Monday, October 11, 2010

Transforming Church in Rural America by Shannon O’Dell

In his book, Transforming Church in Rural America, Shannon O’Dell explains how he converted a tiny rural Arkansas church into a multi-site campus with added virtual followers from all over the world. O’Dell turned down several great positions at large urban churches to work at a poor church in the boonies. While his good intentions were often met with resistance, O’Dell continued and formed Brand New Church.

This book is geared towards helping rural pastors overcome the struggles of ministering to small churches. He explains the five most important “V.A.L.U.E’s” needed for a successful church: vision, attitude, leadership, understanding, and enduring excellence. For O’Dell, vision is the most important. Without a vision, growth is not possible because congregates are not willing to wholeheartedly contribute without direction.

Transforming Church in Rural America is motivational for pastors or average people with a project of their own.
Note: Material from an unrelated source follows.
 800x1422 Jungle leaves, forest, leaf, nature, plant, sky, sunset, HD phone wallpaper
O’Dell’s advice can easily be applied to other situations. For example, O’Dell advises readers to realize they can do the impossible. “We do what seems logical,” O’Dell writes, “things the Church can do in its own strength, things in our comfort zones” (64). However, visions should be larger. They should require much prayer to be possible.
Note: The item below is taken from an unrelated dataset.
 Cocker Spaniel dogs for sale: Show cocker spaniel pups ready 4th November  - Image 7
In addition to his wise message, O’Dell interweaves telling anecdotes that reveal the personalities found in some rural churches. He explains the stress he underwent as board members refused to fill a sandbox for children. And, the massive hatred he experienced because he proposed that the church pews be replaced with more efficient seating. Trivial things such as these honestly brought O’Dell to tears.
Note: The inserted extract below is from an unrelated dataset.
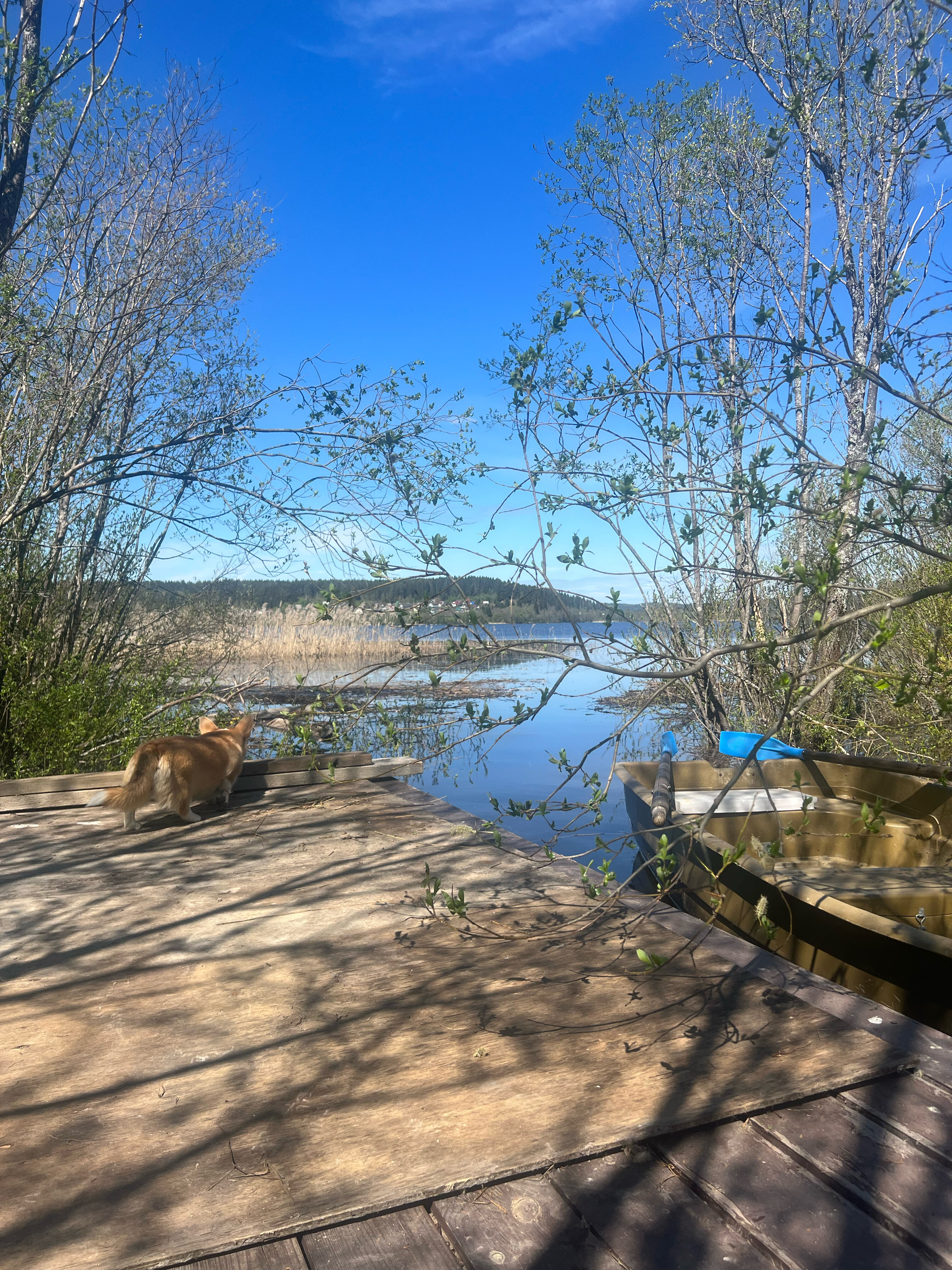 Фото Сонный залив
Overall, O’Dell’s book is a great motivational read. I highly recommend this book to others whether they are pastors or not.

Disclosure of Material Connection: I received this book free from Thomas Nelson Publishers as part of their book review bloggers program. I was not required to write a positive review. The opinions I have expressed are my own. I am disclosing this in accordance with the Federal Trade Commission’s 16 CFR, Part 255 : “Guides Concerning the Use of Endorsements and Testimonials in Advertising.”